To give one example, the Add-Aspirin trial was launched earlier this year in the UK to investigate whether aspirin can stop certain common cancers from returning after treatment. It is seeking 11,000 patients from the UK and India. Supposing it only recruits 8,000, the findings might end up being wrong. The trouble is that some of these studies are still treated as definitive despite there being too few participants to be that certain.

Image credit: wavebreakmedia
Image credit: wavebreakmedia

One large study looked at trials between 1994 and 2002 funded by two of the UK’s largest funding bodies and found that fewer than a third (31%) recruited the numbers they were seeking. Slightly over half (53%) were given an extension of time or money but still 80% never hit their target. In a follow-up of the same two funders’ activities between 2002 and 2008, 55% of the trials recruited to target. The remainder were given extensions but recruitment remained inadequate for about half.

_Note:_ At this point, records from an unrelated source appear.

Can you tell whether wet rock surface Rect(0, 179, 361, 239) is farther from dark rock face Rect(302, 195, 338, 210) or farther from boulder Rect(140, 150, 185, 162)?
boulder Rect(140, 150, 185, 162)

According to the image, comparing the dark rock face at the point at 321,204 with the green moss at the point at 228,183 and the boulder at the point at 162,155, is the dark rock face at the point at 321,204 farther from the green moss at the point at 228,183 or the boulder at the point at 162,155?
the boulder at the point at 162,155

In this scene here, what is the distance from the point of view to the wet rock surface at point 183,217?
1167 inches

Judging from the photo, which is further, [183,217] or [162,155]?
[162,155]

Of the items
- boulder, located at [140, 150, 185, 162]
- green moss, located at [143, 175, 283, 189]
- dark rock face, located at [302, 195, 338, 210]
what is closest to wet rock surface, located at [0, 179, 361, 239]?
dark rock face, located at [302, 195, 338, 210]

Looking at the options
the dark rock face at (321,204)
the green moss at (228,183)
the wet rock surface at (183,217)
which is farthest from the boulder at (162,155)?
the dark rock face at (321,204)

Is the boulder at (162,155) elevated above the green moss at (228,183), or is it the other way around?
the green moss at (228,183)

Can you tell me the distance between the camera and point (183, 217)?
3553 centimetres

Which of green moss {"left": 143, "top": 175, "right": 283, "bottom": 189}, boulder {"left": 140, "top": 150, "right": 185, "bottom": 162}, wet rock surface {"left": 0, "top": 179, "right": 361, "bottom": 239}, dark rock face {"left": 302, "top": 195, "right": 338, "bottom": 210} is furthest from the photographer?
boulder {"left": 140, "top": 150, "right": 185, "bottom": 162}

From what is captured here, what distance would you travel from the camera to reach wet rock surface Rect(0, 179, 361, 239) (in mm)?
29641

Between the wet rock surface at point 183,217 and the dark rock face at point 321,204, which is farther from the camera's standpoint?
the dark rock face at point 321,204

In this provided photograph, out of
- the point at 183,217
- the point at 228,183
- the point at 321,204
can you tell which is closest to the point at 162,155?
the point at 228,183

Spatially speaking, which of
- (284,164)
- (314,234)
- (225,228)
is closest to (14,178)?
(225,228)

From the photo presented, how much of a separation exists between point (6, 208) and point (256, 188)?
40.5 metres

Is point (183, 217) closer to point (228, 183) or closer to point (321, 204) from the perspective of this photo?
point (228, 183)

The improvement between these studies is probably due to the UK’s Clinical Trials Units and research networks, which were introduced to improve overall trial quality by providing expertise. Even so, almost half of UK trials still appear to struggle with recruitment. Worse, the UK is a world leader in trial expertise. Elsewhere the chances of finding trial teams not following best practice are much higher.

The way forward

There is remarkably little evidence about how to do recruitment well. The only practical intervention with compelling evidence of benefit is from a forthcoming paper that shows that telephoning people who don’t respond to postal invitations, which leads to about a 6% increase in recruitment.

A couple of other interventions work but have substantial downsides, such as letting recruits know whether they’re in the control group or the main test group. Since this means dispensing with the whole idea of blind testing, a cornerstone of most clinical trials, it is arguably not worth it.

Many researchers believe the solution is to embed recruitment studies into trials to improve how we identify, approach and discuss participation with people. But with funding bodies already stretched, they focus on funding projects whose results could quickly be integrated into clinical care. Studying recruitment methodology may have huge potential but is one step removed from clinical care, so doesn’t fall into that category.

Others are working on projects to share evidence about how to recruit more effectively with trial teams more widely. For example, we are working with colleagues in Ireland and elsewhere to link research into what causes recruitment problems to new interventions designed to help.

Meanwhile, a team at the University of Bristol has developed an approach that turned recruitment completely around in some trials by basically talking to research teams to figure out potential problems. This is extremely promising but would require a sea change in researcher practice to improve results across the board.

And here we hit the underlying problem: solving recruitment doesn’t seem to be a high priority in policy terms. The UK is at the vanguard but it is slow progress. We would probably do more to improve health by funding no new treatment evaluations for a year and putting all the funding into methods research instead. Until we get to grips with this problem, we can’t be confident about much of the data that researchers are giving us. The sooner that moves to the top of the agenda, the better.